In these photographs, Johnson recorded the daily lives of the Gbaya and Fulbe cultures in Djohong and other surrounding villages in the northeastern savannah region of the country. The individuals shown in the photographs live day to day without the luxuries of electricity or running water, let alone cell phones or the internet.
Johnson said her intention with this series was for people to appreciate others for who they are. She wanted to convey that everyone has the same desires, needs and loves, no matter what country they live in.
“These pictures are about the fleeting moments, the intangible gestures,” said Johnson. “It is not the moment itself that is important – the wedding, the baptism – it is the moment around the moment.”
Johnson said she is privileged to be included in Marquette’s Centennial Celebration of Women.

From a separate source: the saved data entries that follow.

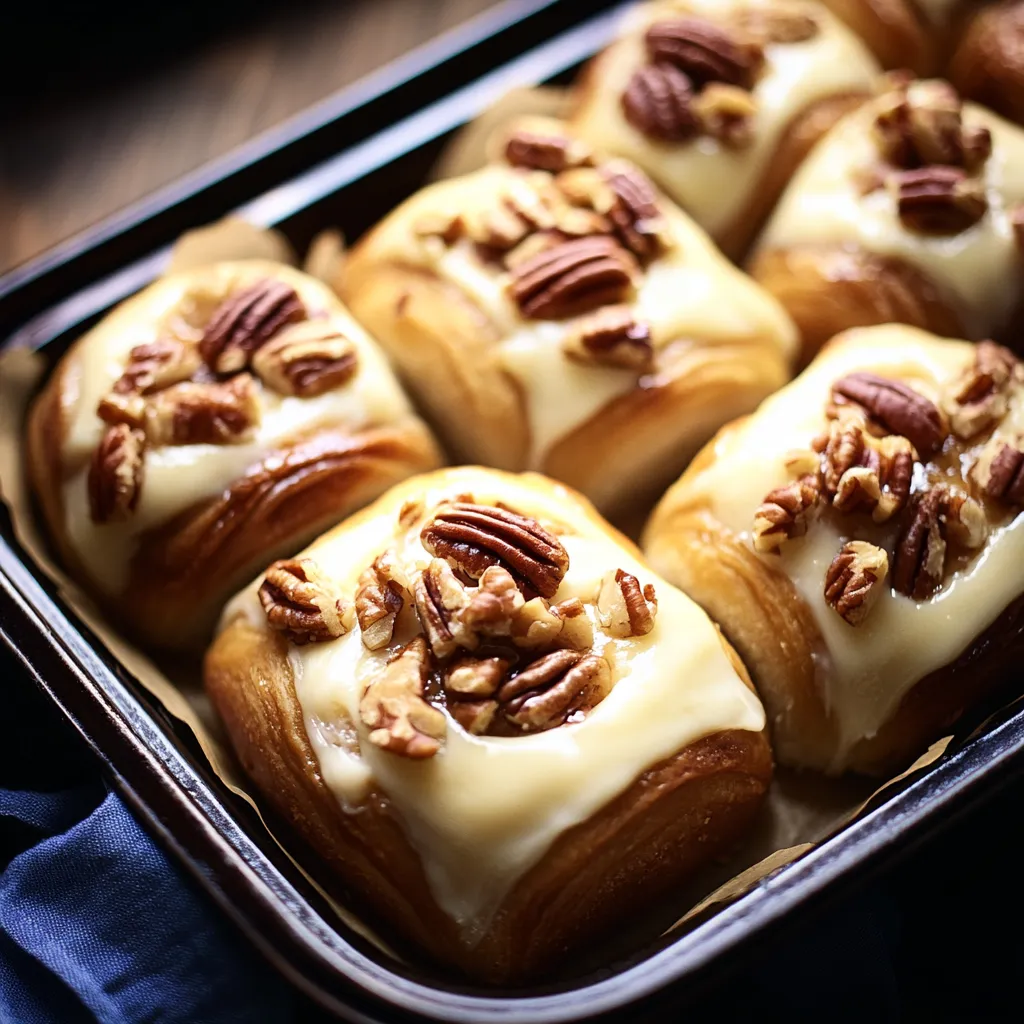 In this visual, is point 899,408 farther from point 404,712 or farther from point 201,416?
point 201,416

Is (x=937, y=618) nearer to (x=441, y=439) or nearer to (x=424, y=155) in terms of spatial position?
(x=441, y=439)

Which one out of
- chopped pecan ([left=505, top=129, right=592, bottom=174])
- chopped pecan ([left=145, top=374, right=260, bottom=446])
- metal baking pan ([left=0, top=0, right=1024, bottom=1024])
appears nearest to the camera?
metal baking pan ([left=0, top=0, right=1024, bottom=1024])

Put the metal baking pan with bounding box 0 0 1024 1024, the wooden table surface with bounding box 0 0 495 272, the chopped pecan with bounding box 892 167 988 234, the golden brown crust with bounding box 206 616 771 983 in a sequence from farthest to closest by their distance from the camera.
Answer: the wooden table surface with bounding box 0 0 495 272 → the chopped pecan with bounding box 892 167 988 234 → the golden brown crust with bounding box 206 616 771 983 → the metal baking pan with bounding box 0 0 1024 1024

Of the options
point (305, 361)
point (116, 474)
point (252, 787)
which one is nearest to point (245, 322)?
point (305, 361)

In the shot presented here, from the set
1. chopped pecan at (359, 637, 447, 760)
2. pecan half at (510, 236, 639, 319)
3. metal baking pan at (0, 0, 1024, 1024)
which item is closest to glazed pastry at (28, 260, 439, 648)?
metal baking pan at (0, 0, 1024, 1024)

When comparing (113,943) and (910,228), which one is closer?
(113,943)

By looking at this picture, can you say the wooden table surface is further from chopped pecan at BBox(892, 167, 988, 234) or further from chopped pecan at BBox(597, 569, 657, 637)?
chopped pecan at BBox(597, 569, 657, 637)

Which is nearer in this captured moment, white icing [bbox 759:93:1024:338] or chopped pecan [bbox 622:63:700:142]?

For her, honoring the education of women is significant because it was always the men in the villages she visited who were educated first.
“In the places where I go women are absolutely subservient to men,” said Johnson. “The men are educated, and most of the women can’t read.”
Once a month, Johnson would take her photographs into the village of Bawaka Koi and hang them on a clothesline for people to see. She said those pictures transformed the lives of the women because they were able to participate in their community without needing to read any text. They could understand the photographs, and that was enough.
Jessica Grimm, a senior in the College of Nursing and student guard at the Haggerty, was happy to see the museum is using its resources to celebrate the women’s centennial. She was also impressed by Johnson’s work.
“She is showing that women can do it too, you know,” said Grimm. “Women can travel and take pictures just like men can.”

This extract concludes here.